そうはいっても大股で豪快に走り、仁王様のような立ち姿です。亀之丞と鶴丸はその姿を見て笑いだします。
おてんばのとわですが、将来の夫として亀之丞を意識し出したようです。亀之丞相も、とわにふさわしい強い男になると誓います。
とわは南渓に、最近何者かが自分を見張っているようだと言います。
それは伝説の「竜宮小僧」だと南渓は語ります。
竜宮小僧とはこの土地に伝わる伝説で、いつの間にか田の手入れや洗濯物の取り入れをしているという、妖怪のような存在なのだとか。
この竜宮小僧といい、本作は積極的に伝奇的な要素を取り入れていると思います。
龍宮小僧?かと思ったら、子どもたちの前に山伏の死体とは!
三人組の青春の裏で、大人たちは不穏な雰囲気が漂っています。
直満が駿府の今川義元から呼び出されたのですが、何か後ろ暗いところがあるのか、直満はどこか挙動不審なのです。

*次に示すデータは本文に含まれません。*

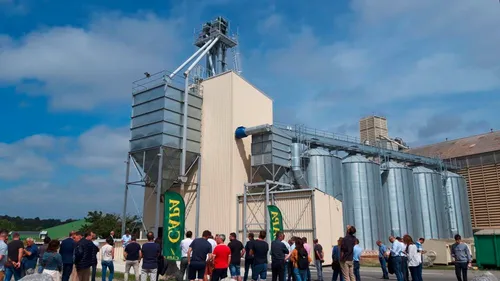 Un commando de Faucheurs Volontaires envahit la CAPA au Vernet...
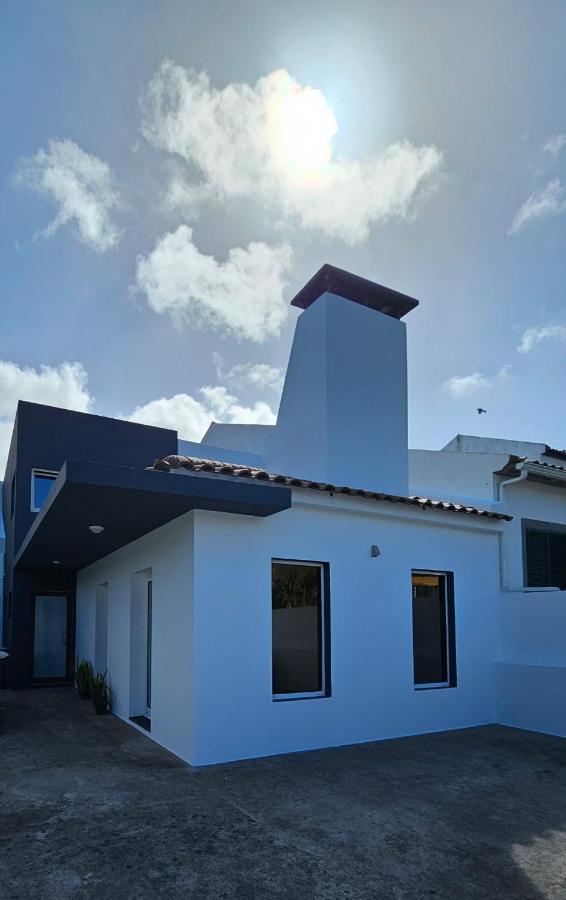Casa Dos Amigos Villa ปอนตาเดลกาดา ภายนอก รูปภาพ
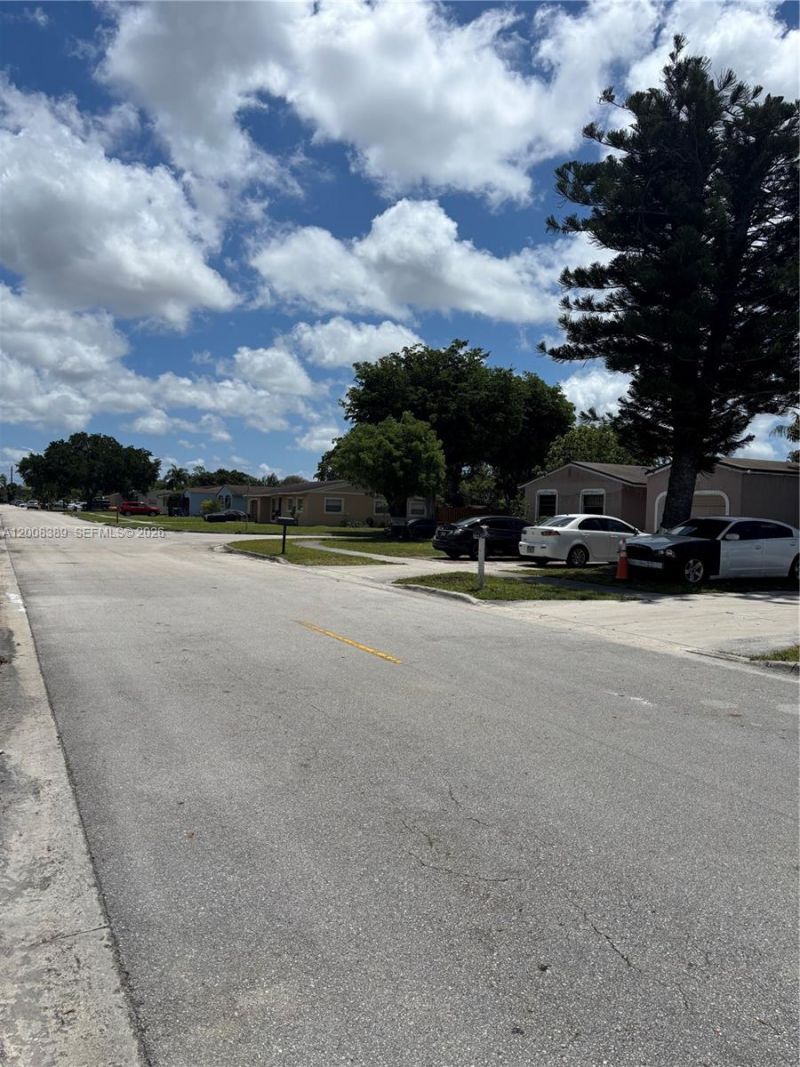 7471 SW 1st St, Margate, FL 33068 Photo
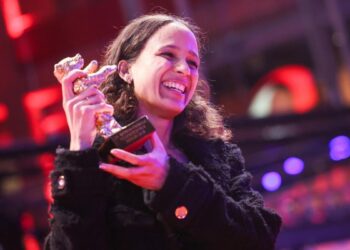Mati Diop, una cineasta para despertar conciencias: ‘Francia y Europa siguen siendo colonialistas’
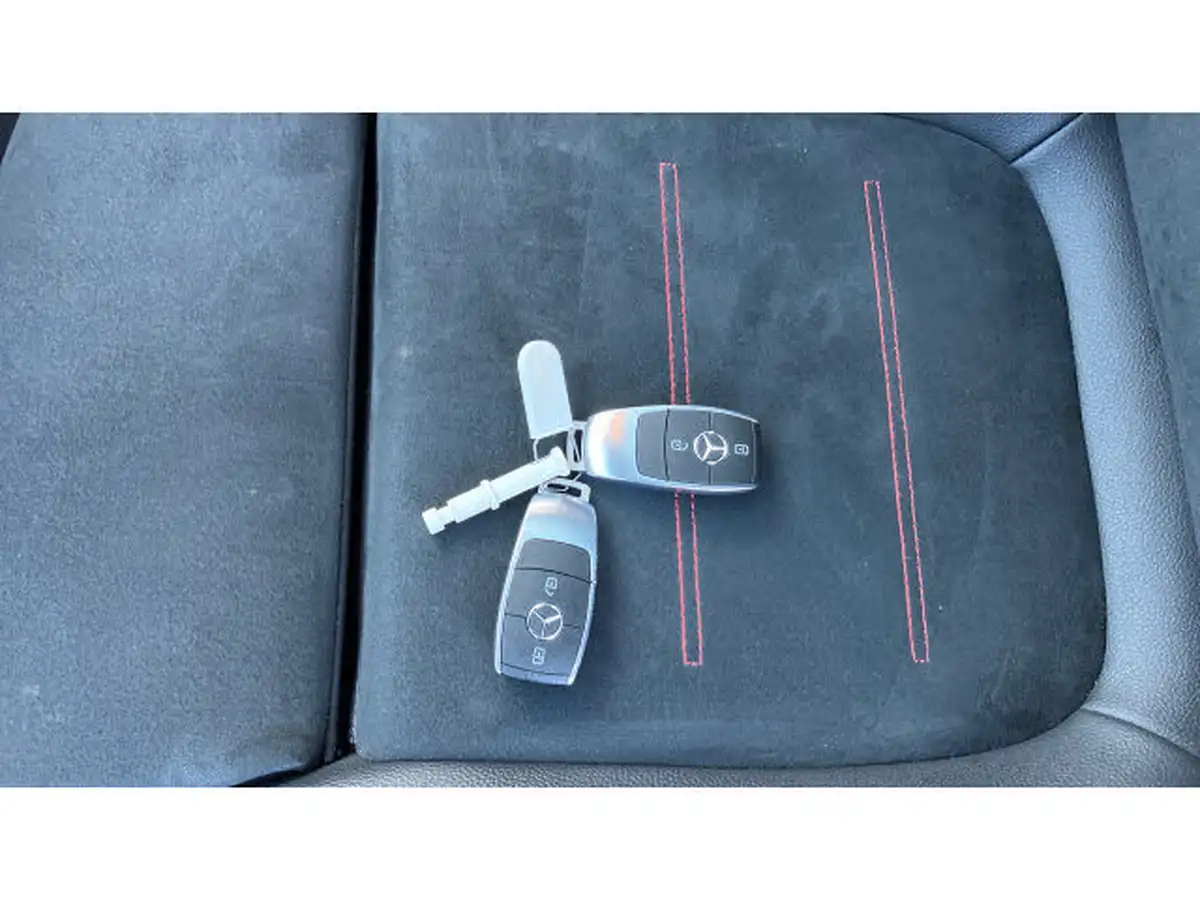 2021-mercedes-benz-glb-class-13-glb200-amg-line-premium-plus-7-8g-tronic-big-19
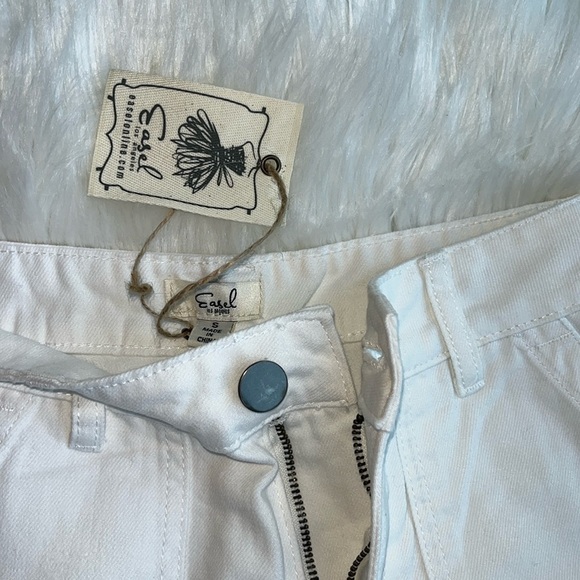 🆕 EASEL Love Stitch White Denim Patchwork Frayed Edge Shorts Cotton Size Small - Picture 4 of 13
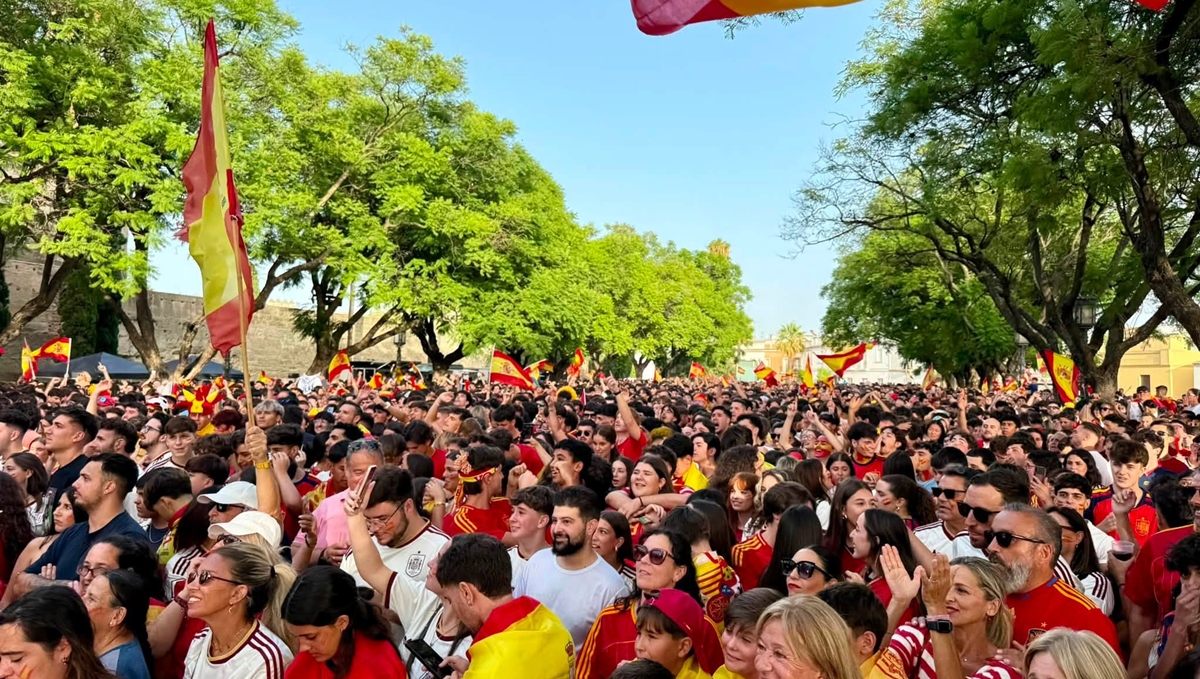 La Alameda Vieja se convierte en el epicentro de la afici&oacute;n jerezana en la conquista del Mundial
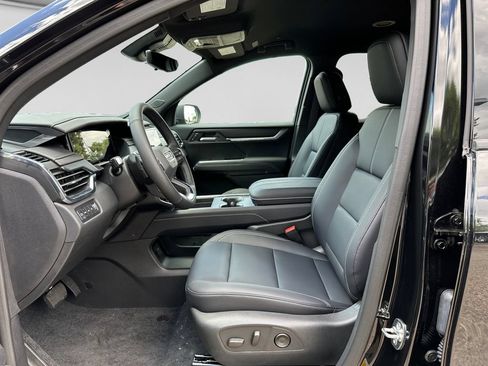 New 2026 GMC Acadia Elevation w/ Elevation Premium Package AWD/4WD image 13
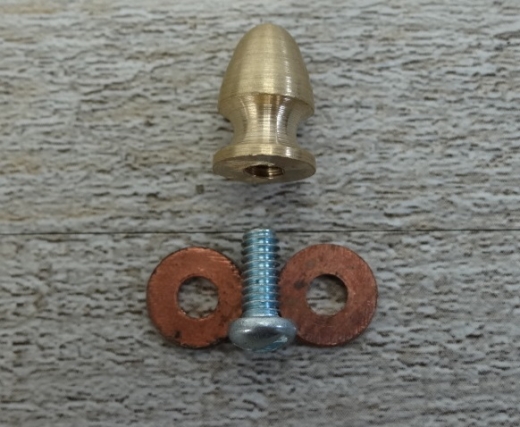 Finial fr Zndhtchentasche, Lnge 1,7 x 0,9 cm, Material: Messing, Unterlegscheibe Kupfer, Schraube Eisen
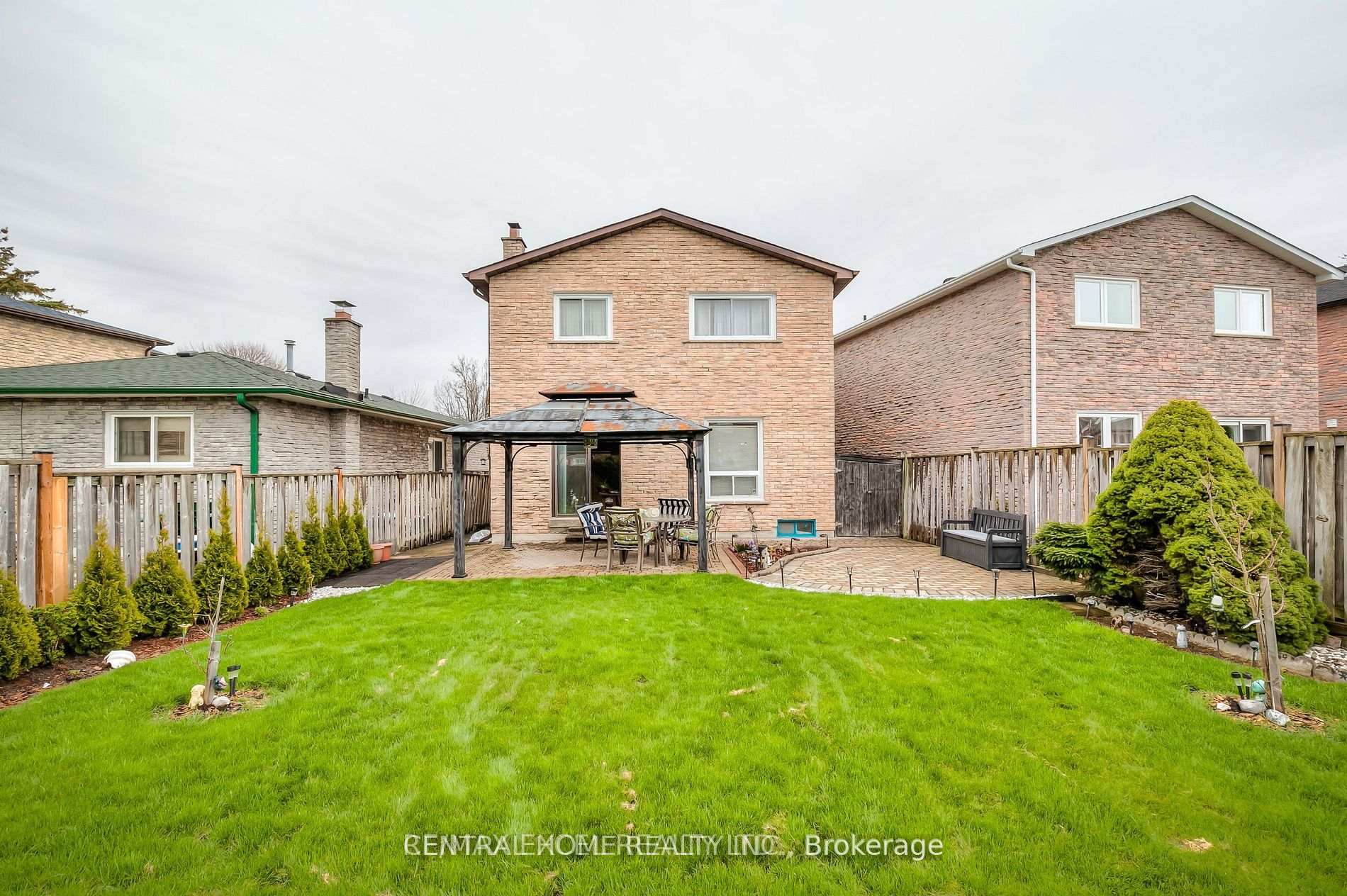 Photo 33 of 67 Tunney Crescent, Markham, Raymerville — HOMEH
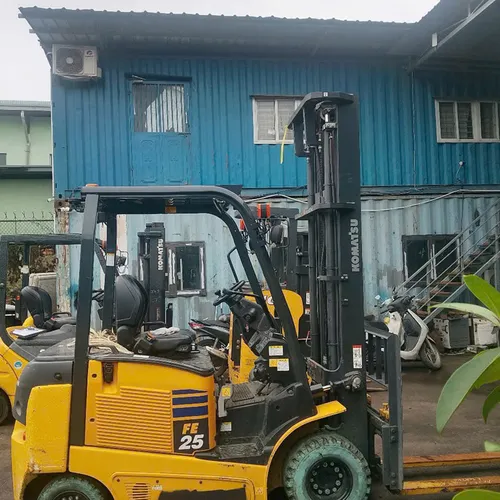 Xe nâng điện cũ Komatsu 2.5 tấn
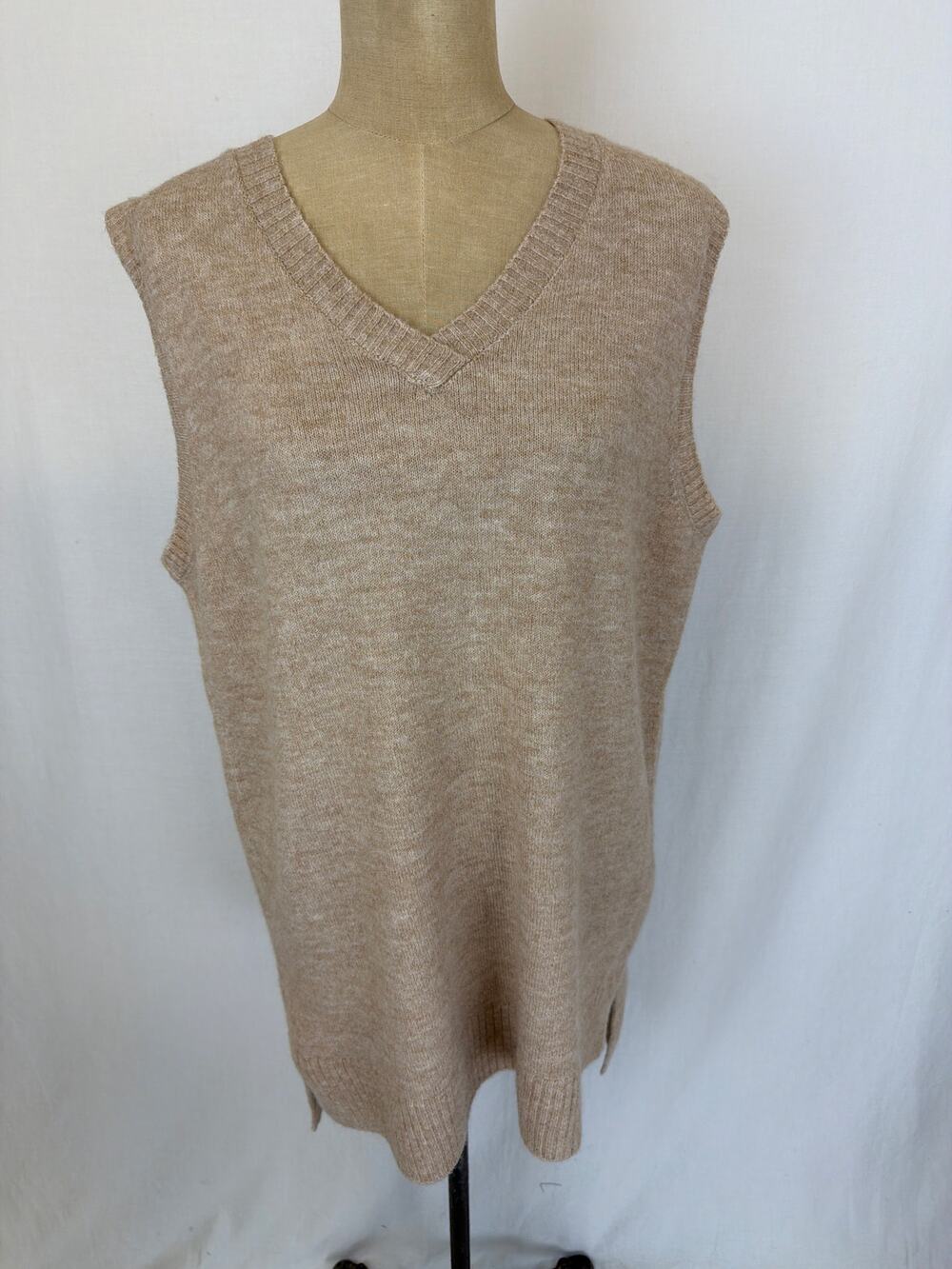 NWT Soya Concept Latte Wool Blend LONG V Neck Vest Medium #0442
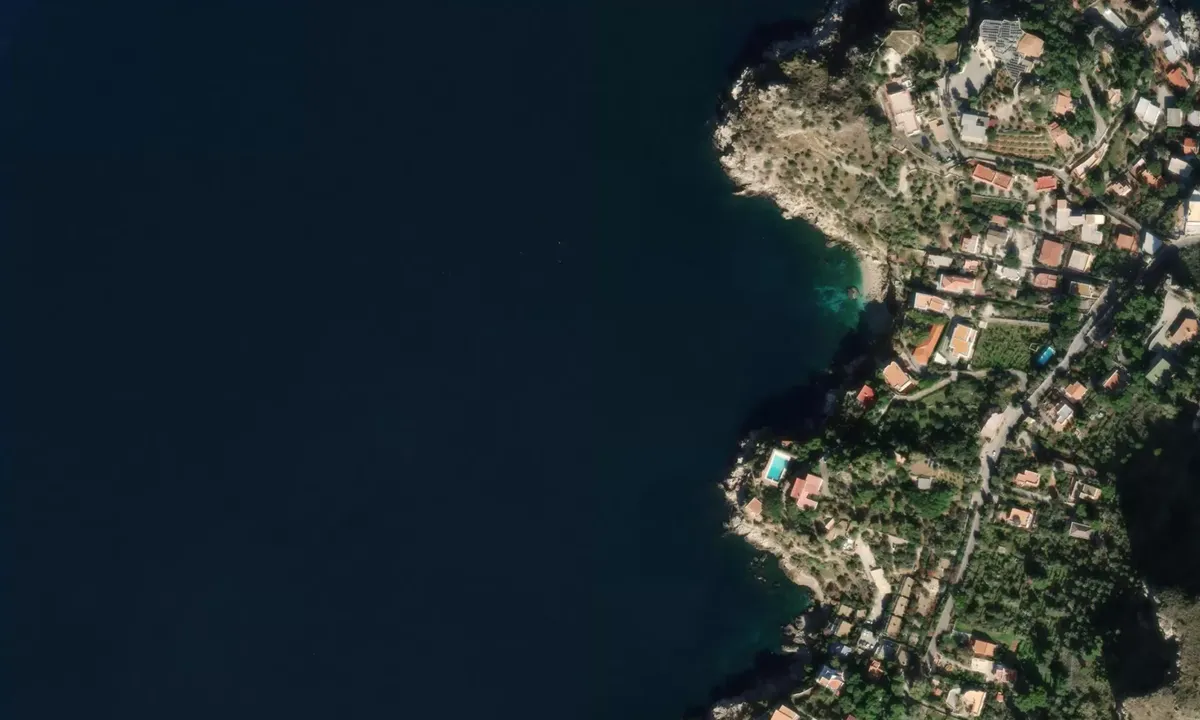 Flyfoto av Baia dei Francesi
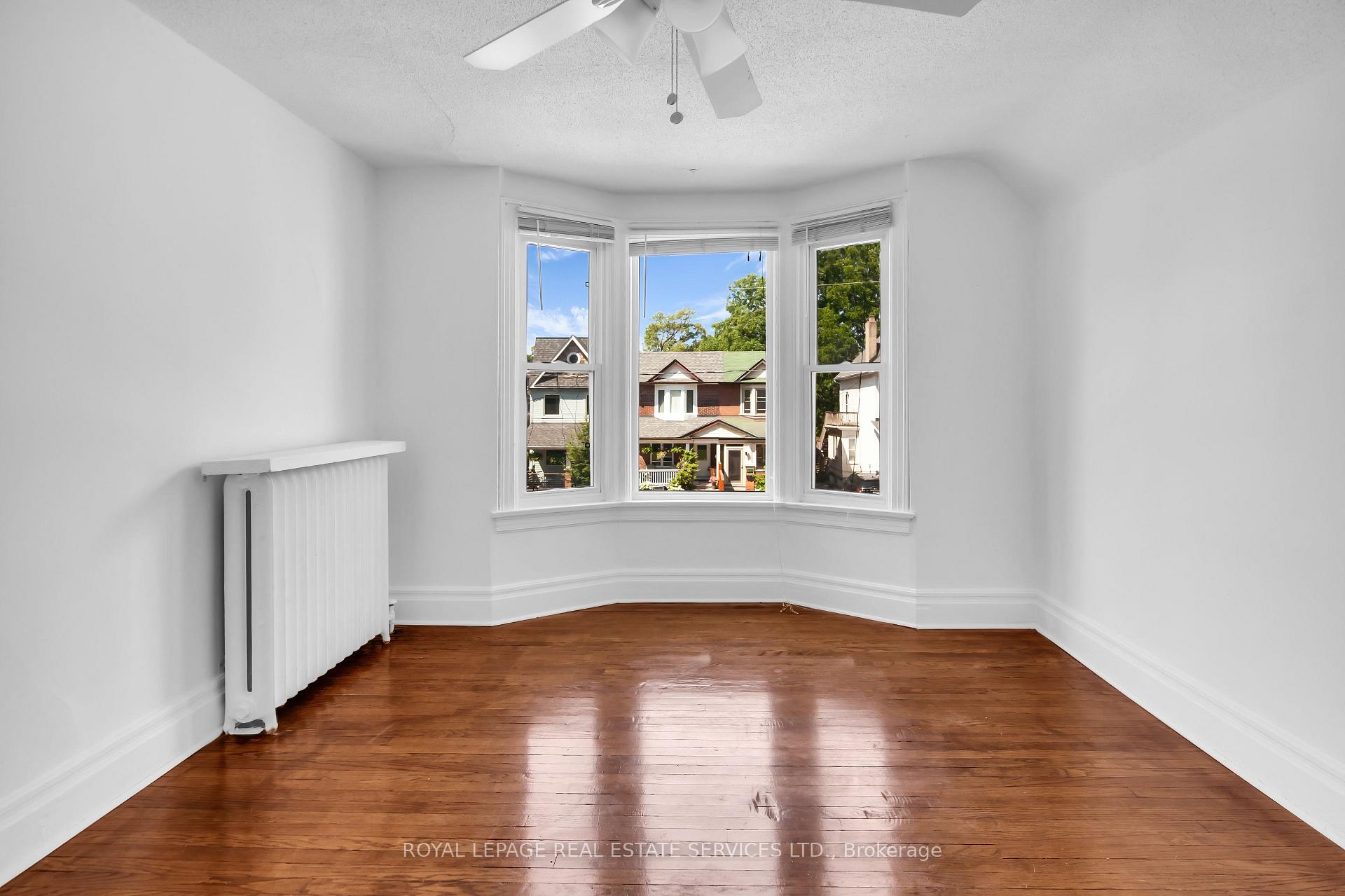 Photo 23 of 127 Waverley Road, Toronto, The Beaches — HOMEH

周囲はちょっとおかしいなと思いつつ静観していますが、これが真田一族なら全力で駿府行きを阻止していると思いますね……いやな予感がします。
さらにこのあと直満が亀之丞と妙にハイテンションで語るのも、何かのフラグの気がします。
ここで妙にアバンギャルドなBGMとともに、場面は駿府の今川家に変換。ラスボス感がある今川義元が直満を出迎えます。
さすが今川家、畳の使い方が豪華で、屋敷も立派です。
三人組は竜宮小僧を五日間も探し回っております。
やたらとタフなとわに、鶴丸は、お前が姫だから周囲が気遣っているんだ、空気を読めと文句を言います。
とわがむきになって反論しようとすると、亀之丞が得意の笛を吹き始めます。澄んだ音色が、山の中に響きます。
褒められても取り柄が笛しかないと謙遜する亀之丞です。とわはうっとりと、自分は果報者だとつぶやきます。これは完全に初恋ですね、甘酸っぱいですね。
三人は地下洞の入り口を見つけます。ここはいかにも竜宮小僧がいそうだと探険に乗り出す三人組。
とわはここで、井戸の赤ん坊は竜宮小僧だから溺れなかったのかもと言い出します。
この井戸の中の赤ん坊について三者三様で見解を出すわけですが、それぞれ性格が出ているわけです。
とわはここで何かを見つけ、竜宮小僧ではないかとわくわくして探します。
しかしそこにあったのは、山伏の死体でした。
子供が遊んでいて死体を発見。結構ハードボイルドではないですか。
密書をつきつけられて、何も言えねぇ直満
そのころ、直盛は駿府に呼び出された直満の様子がおかしかったと南渓に相談します。
そこに三人組が、死体発見の報告を持って飛び込んできます。
山伏を弔いながら南渓は、貴重品を持ったままだから物取りの犯行ではないと訝しみます。亀之丞はこの山伏を屋敷で見たとつぶやきます。
無邪気な三人の日常が淡々と進むと見せかけて、いやな予感がします。
直盛の家に誰かがやって来ました。直満が戻ったのではないかと三人組が家に入ると、確かに戻っていました。
ただし、首として……晒し首にならないだけ今川家は優しいとも言えますが。
昨年だって首桶がドンと置かれたのは二話ですが、今年はしょっぱなですか。しかも首桶を抱えて泣く子供付きですか。ハードだな!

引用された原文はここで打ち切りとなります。